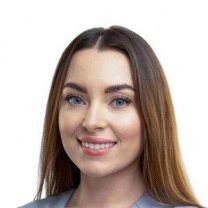 Романенко-Плеханова Юлия Сергеевна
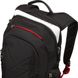 Рюкзаки міські Case Logic Sporty Backpack 14" DLBP-114 (Black) фото 4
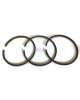 OEM Made in Japan Piston Ring Set 226-23502-07 for Robin Subaru EY15 63.25MM Oversize 0.25Motor Lawnmower Trimmer Engine OEM Made in Japan Piston Ring Set 226-23502-07 for Robin Subaru EY15 63.25MM Oversize 0.25Motor Lawnmower Trimmer Engine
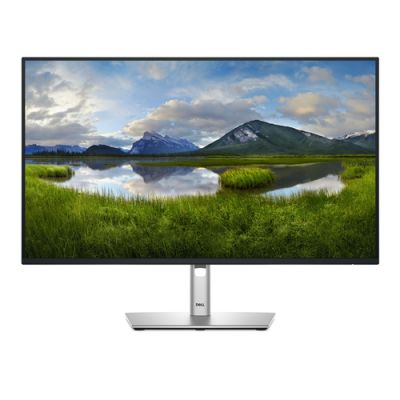 DELL P Series P2725H, 68,6 cm (27"), 1920 x 1080 Pixels, Full HD, LCD, 8 ms, Zwart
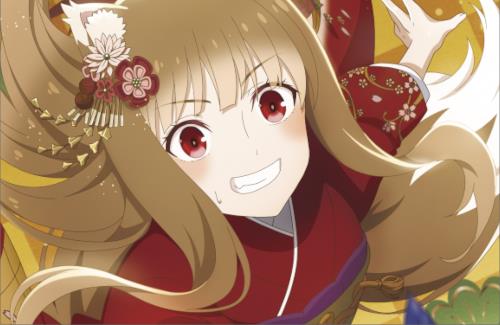 アニメ「狼と香辛料 merchant meets the wise wolf」は2024年4月よりテレ東ほかにて放送開始！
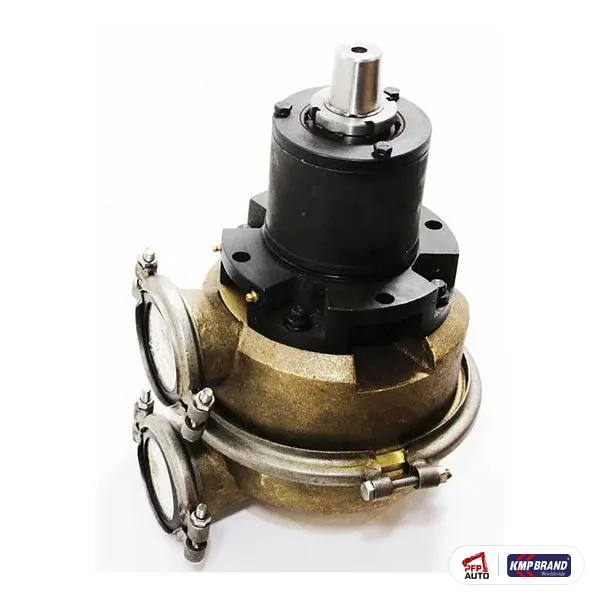 Pompă de apă (apă de mare) KMP Brand pentru Cummins®, cod 3074540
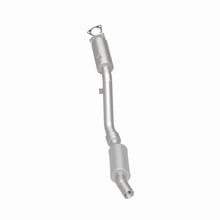 Load image into Gallery viewer, MagnaFlow 05-06 Audi A4 Quattro 3.2L Direct Fit Converter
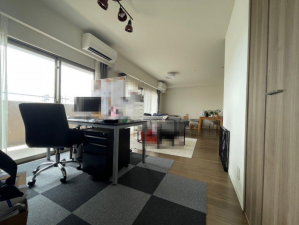 岡山市北区問屋町、マンションの画像です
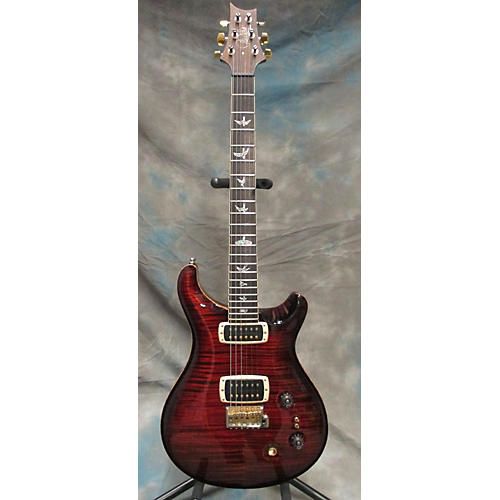 Used PRS 408 SIGNATURE LIMITED Solid Body Electric Guitar Guitar Center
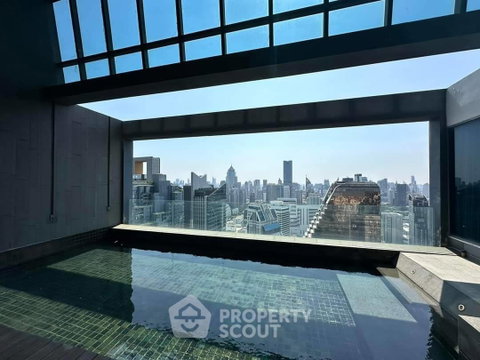 3 ห้องนอน 432 ตร.ม. Hyde Sukhumvit 13 ใกล้ BTS นานา 200 ม. (ID 1810493)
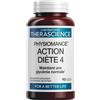 THERASCIENCE SAM PHYSIOMANCE ACTION DIET4 90CPR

§ **WORK TASK**
From the line containing "Used PRS 408" through the last line of the records, both included, output those lines exactly and nothing else; skip the pictures.

§ **WRITTEN ANSWER**
 Used PRS 408 SIGNATURE LIMITED Solid Body Electric Guitar Guitar Center
 3 ห้องนอน 432 ตร.ม. Hyde Sukhumvit 13 ใกล้ BTS นานา 200 ม. (ID 1810493)
 THERASCIENCE SAM PHYSIOMANCE ACTION DIET4 90CPR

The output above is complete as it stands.